Malgré le secret soigneusement entretenu sur sa biographie, son parcours peut être pour l’essentiel reconstitué (R. Bellour et Ysé Tran, « Chronologie (1899-1946) », in Michaux. Œuvres complètes, La Pléiade, Gallimard, 1998, t.1). Né Belge, dans une famille bourgeoise (en 1955, il prendra la nationalité française), il poursuit ses études au collège jésuite Saint-Michel de Bruxelles. Vers 15-16 ans, il est plongé dans une profonde expérience mystique chrétienne. À 20 ans, alors qu’il vient juste de s’inscrire en médecine, il décide de laisser tomber cette vie antérieure et s’embarque comme matelot pour deux ans. De retour en Belgique, il connaît un moment de vide pendant lequel la lecture de Lautréamont le conduit à l’écriture. En 1924, il est à Paris. Il écrit et s’ouvre à la peinture qu’il avait « détestée» jusqu’alors. En 1927, il séjourne de longs mois en Amérique centrale - en naîtra le texte d’Ecuador publié deux ans plus tard. Après le décès de ses parents, en 1929, il reprend la route, et pendant les années 1930 et 1931, il traverse l’Asie : Inde, Ceylan, Chine, Japon et Malaisie, et c’est son « journal de bord » qu’il publie sous le titre Un barbare en Asie (Gallimard 1933). Trente-cinq ans plus tard, il rédige une magistrale préface critique à ce livre de référence : « Et l’Asie continue son mouvement, sourd et secret en moi, large et violent parmi les peuples du monde. Elle se remanie, elle s’est remaniée, comme on ne l’aurait pas cru, comme je ne l’avais pas deviné. (…) Mea culpa. Non tellement d’avoir vu insuffisamment bien, mais plutôt de n’avoir pas senti ce qui était en gestation et qui allait défaire l’apparemment permanent » (1967).

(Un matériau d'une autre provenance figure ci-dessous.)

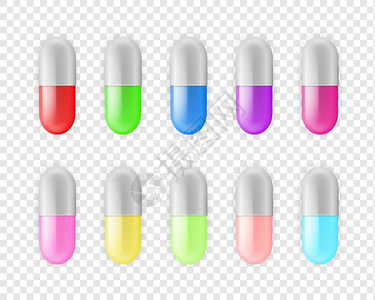 药丸特写以不同颜色收集的药片切合实际的药物或维生素多彩药片或胶在透明背景下隔离的药物病媒设计要素现实的药物或维生素多彩胶片药和以透明背景插画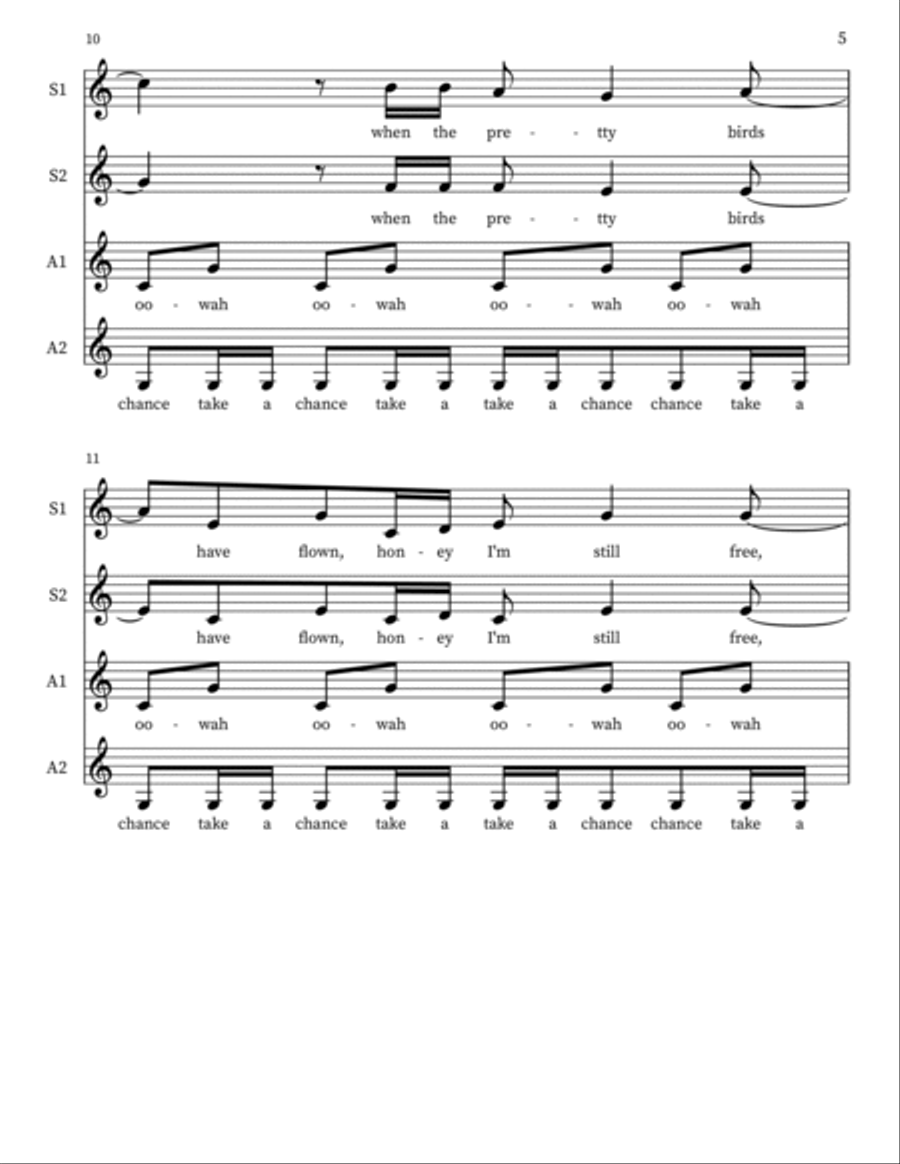 Take A Chance On Me SSA scores gallery preview page 5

Remarquable lucidité à quoi seule le poète pouvait atteindre. Son expérience du voyage a eu de profonds effets sur l’ensemble de son œuvre, écrits et travaux graphiques. Fasciné depuis l’adolescence, par l’écriture et la calligraphie chinoise, il s’en inspirera comme dessinateur lorsqu’il publiera Idéogrammes en Chine (Fata Morgana, 1975). Tirons-en cette formule fulgurante : « Caractères variés à n’en pas finir./ La page qui les contient : un vide lacéré./ Lacéré de multiples vies indéfinies. » Henri Michaux ne reste pas en place, il voyage sans cesse et de toutes les manières : à côté de ses explorations dans l’univers hallucinatoire de la mescaline, rappelons ses descriptions, à la manière de l’ethnologie, des territoires imaginaires du Voyage en Grande Garabagne (Gallimard, 1948).